EQUALITY North Dakotans work to create laws against discrimination.

Recently in Grand Forks, the City Council Finance and Development Committee passed a vote of support for housing equality, sending the proposed law to the full council. If passed, the law will ban any housing discrimination based on sexual orientation or gender identity.

When it comes to deciding whether to rent to a tenant or not, there are a number of factors that landlords take into account.

Landlords want to know their tenants’ credit history, income, criminal record and any previous evictions. These are logical concerns; it makes sense to want to know if the person that you are renting to is good for their money and will treat your property with respect.

One thing a landlord should not be concerned with who a tenant loves or how they identify as person.

Discrimination on the basis of sexual orientation or gender identification is wrong.

And we, the editorial board, believe it’s time Grand Forks steps up as a city and says so.

Landlords are in no position to deny tenants based on what they do in their private lives. Who a person is attracted to, how they define their gender, who they identify as a person is between them and their loved ones.

It is not a matter to be regulated by contracts and apartment leases — to attempt to do so is to do a disservice to valuable members of our community.

This is not a matter of religion, morals or messages from God. This is a matter of justice, of human rights. Frankly, this is an issue of government — and religion has no place in it.

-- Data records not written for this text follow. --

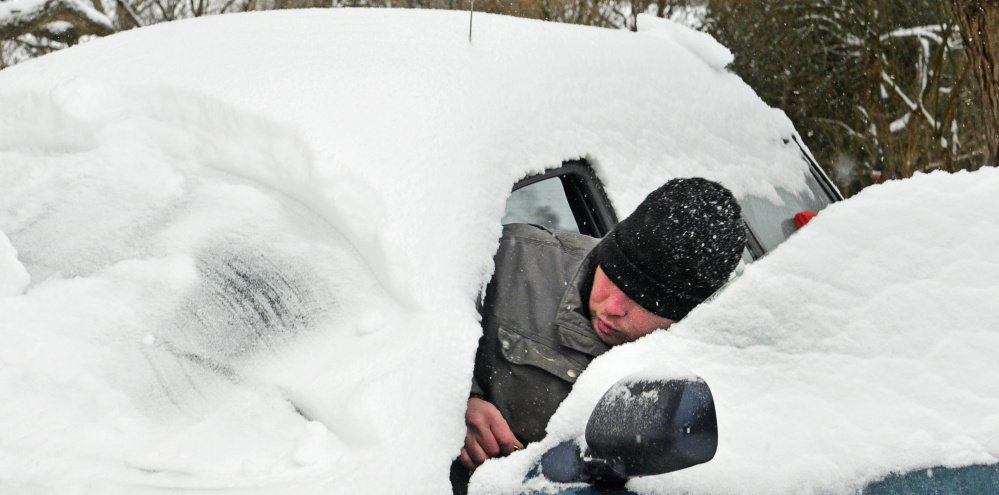 HALLOWELL, ME - DEC. 12: John Rosa climbs in to start his car while cleaning it off during the first big snowstorm of the season on Monday Dec. 12, 2016 in Hallowell.
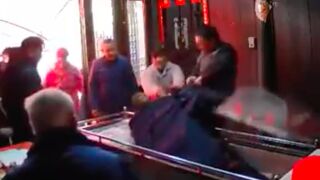 Dead man gets pulled out of his casket and beat up by his wife!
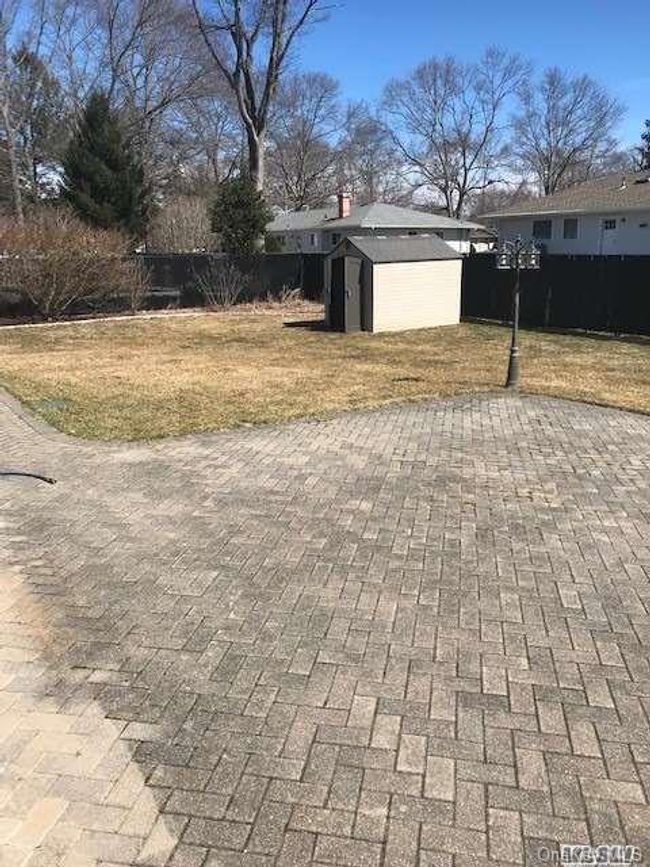 View of patio with fence, a shed | Image 18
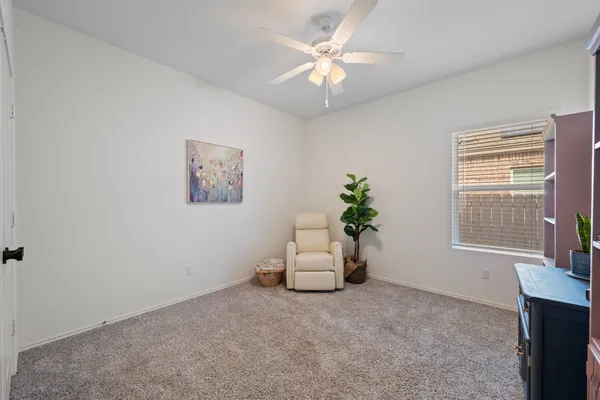 an empty room with windows and cabinet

If you are not going to give fair opportunities to all sexual orientations, then maybe being a landlord isn’t the job for you.

Landlords should be concerned with how much control they have over their own property and the conduct with which their tenants treat the rented property. But a gay couple is no more of a risk to property than a straight couple.

Many minorities in America have laws passed to protect against discrimination. Every other minority has been guaranteed this basic right, this necessity for survival.

It’s time to play it straight and extend equal housing rights and protections to all.